Where air quality has been impacted by weather changes in the United States over the last 30 years?

Previous studies have contributed to the understanding on the impacts of weather on air pollution. Most of these investigations focused primarily on future climate scenarios, laboratory experiments, or weather trends-related air pollution at regional scale. In particular, an important limitation of the trends studies is that the estimated weather impact on air pollution may be underestimated or overestimated given that the regional scale does not capture the site-to-site variation of air pollution and weather. The primary objective of this research is to addresses this gap by quantifying weather-associated changes in air pollution at site location (air pollution sites) in the U.S between 1988 and 2018. We quantified the past weather-related increases CO, NO2, O-3, nitrate, organic carbon, silicon, sodium, sulfate, and SO2 concentration using Generalized Additive Models (GAMs).

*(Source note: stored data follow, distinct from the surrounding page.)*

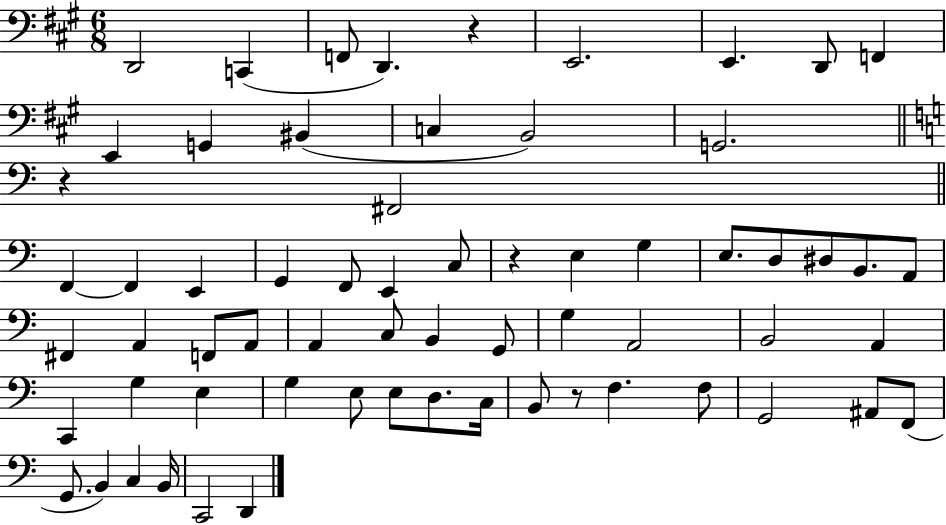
D2/h C2/q F2/e D2/q. R/q E2/h. E2/q. D2/e F2/q E2/q G2/q BIS2/q C3/q B2/h G2/h. R/q F#2/h F2/q F2/q E2/q G2/q F2/e E2/q C3/e R/q E3/q G3/q E3/e. D3/e D#3/e B2/e. A2/e F#2/q A2/q F2/e A2/e A2/q C3/e B2/q G2/e G3/q A2/h B2/h A2/q C2/q G3/q E3/q G3/q E3/e E3/e D3/e. C3/s B2/e R/e F3/q. F3/e G2/h A#2/e F2/e G2/e. B2/q C3/q B2/s C2/h D2/q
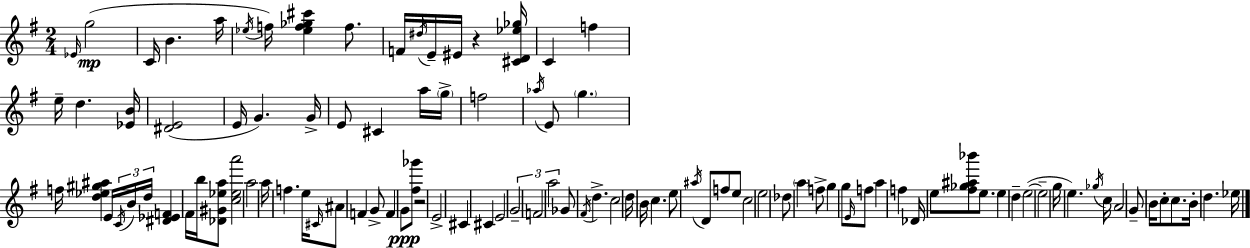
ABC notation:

X:1
T:Untitled
M:2/4
L:1/4
K:G
_E/4 g2 C/4 B a/4 _e/4 f/4 [_ef_g^c'] f/2 F/4 ^d/4 E/4 ^E/4 z [^CD_e_g]/4 C f e/4 d [_EB]/4 [^DE]2 E/4 G G/4 E/2 ^C a/4 g/4 f2 _a/4 E/2 g f/4 [d_e^g^a] E/4 C/4 B/4 d/4 [^D_EF] ^F/4 b/4 [_D^G_ea]/2 [c_ea']2 a2 a/4 f e/4 ^C/4 ^A/2 F G/2 F G/2 [^f_g']/2 z2 E2 ^C ^C E2 G2 F2 a2 _G/2 ^F/4 d c2 d/4 B/4 c e/2 ^a/4 D/2 f/2 e/2 c2 e2 _d/2 a f/2 g g/2 E/4 f/2 a f _D/4 e/2 [^f_g^a_b']/2 e/2 e d e2 e2 g/4 e _g/4 c/4 A2 G/2 B/4 c/2 c/2 B/4 d _e/4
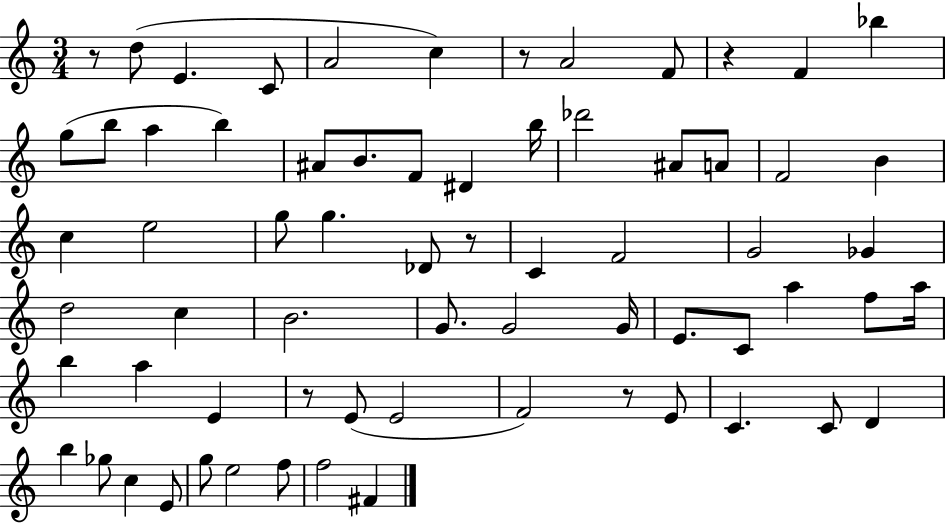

We used a framework that derives "penalties" (weather penalty, in mu g/m(3), ppm or ppb per year) for each season (warm and cold). Three pollutants presented significant results (weather penalties), including CO, NO2, and O-3. Our findings show significant spatio-temporal variation of climate impact on CO, NO2, and O-3. For example, in the warm season we estimated a total penalty over the study period for the sites with the highest penalty on CO (site in Boise, Idaho), NO2 (site in New York City), and O-3 (site in Tucson, Arizona) of 6.18 (95%CI: 0.30; 12.0) ppm, 182.04 (95%CI: 39.33; 324.72) ppb, and 0.09 (95%CI: 0.030; 0.150) ppm, respectively. In the cold season, the estimated total penalty for the sites with the highest penalty on CO (site in Los Angeles, California), NO2 (site in Washington, Pennsylvania), and O-3 (site in Decatur, Illinois) was 12.01 (95%CI: 1.50; 22.50) ppm, 285.03 (95% CI: 14.37; 555.69) ppb, and 0.066 (95%CI: -0.120; 0.030) ppm, respectively. Our results should be of interest to policy makers to create future strategies related to environmental health and climate change. Climate models typically show large variation in projections of the key variables influencing pollution, and our model based on local scale allowed us to identify statistically robust results.